When Nicki laid her hand across his forearm, Jared flinched. He tried to tell himself the gesture was instinctive, but could only stare at her slim fingers and every ovaled nail.
“Don’t be too hard on yourself,” she said softly. “At least you invited her back into your life. You did more than my dad ever did. You just have to get to know her again. To feel comfortable with her again.”
“Don’t get the idea I’m beating myself up over this,” he denied. “I’m not.”
She dragged her hand from his sleeve. “And I’m not staying out of pity,” she replied. “Not for you. Or Madison. I’m staying for myself, too. I’m being selfish.”
“Why? Because you want to see if a dad and his daughter can actually reconcile.”
Nicki grimaced as if he’d physically hurt her. Only then did he realize how deeply she hurt. “No,” she said firmly. “I want a Christmas this year. A family Christmas. And yours is going to be it, whether you like it or not.”
She extended the second flute.
Jared gazed at it momentarily, then started to pour as she held the glass. “What if I don’t want to share?” he asked.
“But you will. And you know why? Because you need me. You said it yourself. You need me to bridge the gap. And I made some progress with Madison today,” Nicki said slowly, her eyes trained on the wine.
“I see that. A bath. Bangs that aren’t hanging in her eyes.” He twisted the bottle, and lifted it from the flute’s rim. “Clean clothes, and a smidgen of trust.”
Nicki turned with the glass in her hand, to put the small of her back against the counter. She stared solemnly up at him. “Maybe the trust issues are genetic. Maybe she gets that from her daddy.”
Jared felt his eyes go flat, his mouth hard. He set the bottle down and picked up the other flute. “As for Madison,” he said, clearly leaving himself out of the equation, “you have to understand that child is not the same little girl who left here two years ago. I had no idea—none—that she’d gotten so out of hand.”
“How could you?”
“I should have figured. Sandra’s parents indulged Madison shamelessly, but they offered her a sense of family, of security.
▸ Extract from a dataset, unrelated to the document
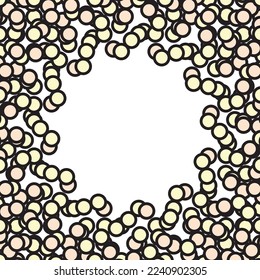Marco de puntos de círculo amarillo y crema. Ilustración vectorial.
That was something I couldn’t give her, not with the store and all my responsibilities. After they died, Sandra sold their home and started moving around a lot. I should have stepped in sooner, and brought suit against her for custody. But I didn’t want to do that, I didn’t want to put Madison in the middle of something that had the potential to get ugly.”
“Jared?” He inclined his head, but didn’t look at her. “I’m sure you made the best decision you could at the time. There aren’t any blueprints for this kind of thing.” Nicki paused, and pensively twirled the flute between her fingers. The wine lapped the rim. “My dad left us when I was six years old. He never came back. He never wrote, he never called.”
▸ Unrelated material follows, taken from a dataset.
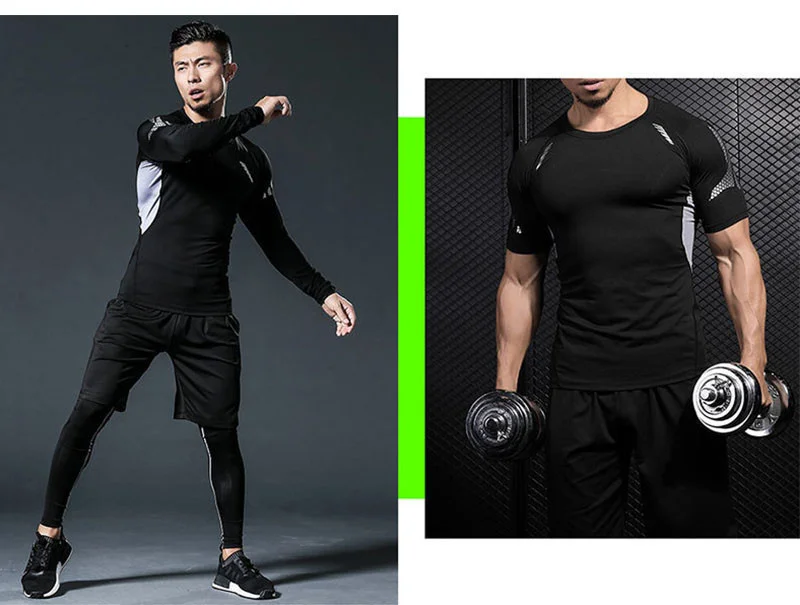 Men Sportswear Compression Sport Suits Quick Dry Running Sets Clothes Sports Joggers Training Gym Fitness Tracksuits Running Set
Jared paused. “I wondered. You never really said.”
“I don’t like to talk about it. My mom lost everything. We lived in this nice house in a small town, and all she could find was a waitressing job. She thought it would get us through, until he sent money or came back.” She half laughed and shook her head. “It didn’t happen, Jared. My father never even cared enough to come back.” She raised the glass, nearly to her lips. “Give yourself some credit, Jared. At least you were man enough, father enough, to want your daughter back. I have to admire you for that.”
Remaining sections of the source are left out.